The Maya survived all of that suffering with their pride intact.
“We were not conquered, we are still here, we are alive and so is our culture our language, our food, our history,” Manrique Esquivel said.
The priest, who is in agreement with most archaeologists and astronomers, doesn’t believe the ancient Mayas predicted the world would end with the close of the current Baktun. Some bloggers and astronomy enthusiasts have suggested the Mayan calendar would “run out” on Dec. 21.
Despite the generally festive atmosphere at the ceremony, there was some discontent that the government won’t allow Mayan priests and healers to perform their ceremonies inside archaeological sites like Chichen Itza, Coban and Tulum that their ancestors built.
“We would like to do these ceremonies in the archaeological sites, but unfortunately they won’t let us enter,” Manrique Esquivel said. “It makes us angry, but that’s the way it is … we perform our rituals in patios, in fields, in vacant lots, wherever we can.”
Francisco de Anda, the press director for the government’s National Institute of Anthropology and History, which oversees archaeological sites in Mexico, said there were two reasons for the ban on ceremonies. “In part it is for visitor safety, and also for preservation of the sites, especially on dates when there are massive numbers of visitors.”
For example, he noted, at the spring equinox in 2011, about 35,000 people visited Chichen Itza on a single day. Throngs of that size create potential hazards on stairways and in other steep or narrow spots, and holding ceremonies with fire or incense might add to that, he said.
“Many of the groups that want to hold ceremonies bring braziers and want to burn incense, and that simply isn’t allowed,” De Anda added.
Moreover, they probably couldn’t perform rituals on the temple platforms where their ancestors worshipped, because the structures could deteriorate under the weight and the foot traffic of the gatherings.
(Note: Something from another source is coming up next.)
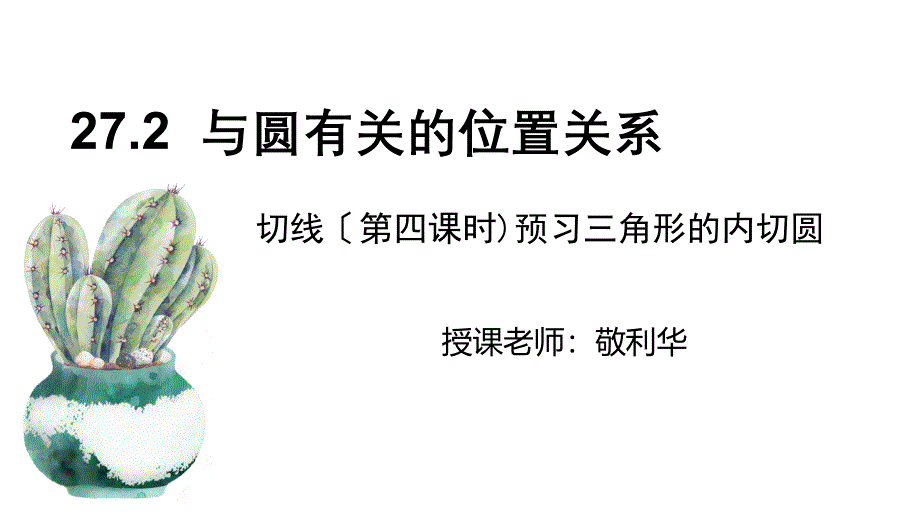 九年级数学三角形的内切圆优秀课件_第1页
“For conservation reason, there is a ban on climbing up about 80 percent of the structures at Chichen Itza,” De Anda said.
De Anda said a big spike in visitors was also expected at sites like the ruins of the Mayan city of Coban and the seaside ruins at Tulum, where similar rules are in effect.
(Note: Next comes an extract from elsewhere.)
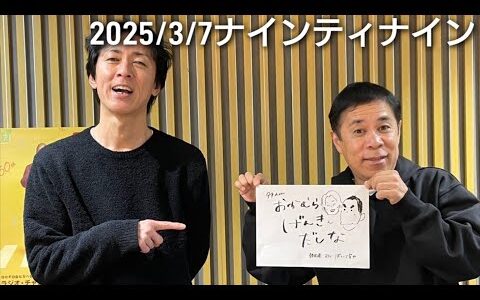 ナインティナイン 出川哲朗 岡村隆史 矢部浩之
Saul Ancona, the tourism secretary for Yucatan, the state in southern Mexico with the largest Mayan population, said the Mayas would be very much present in what is being billed as the “Festival of the Maya Culture” planned to coincide with Dec. 21.
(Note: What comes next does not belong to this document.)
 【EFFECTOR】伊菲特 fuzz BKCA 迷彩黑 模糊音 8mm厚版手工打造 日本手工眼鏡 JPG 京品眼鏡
He said that a presentation called “Sacred Moments of the Maya” would be performed by about 250 Mayas in the Yucatan city of Valladolid and that the state was promoting the date as a chance for visitors “to enjoy Mayan culture and get to know the Mayas.”
Ancona is so sure the world isn’t going to end that the state tourism department is already planning the 2013 edition of the festival. “What we have done is to plan a series of festivals, to celebrate a new era, a new beginning,” he said.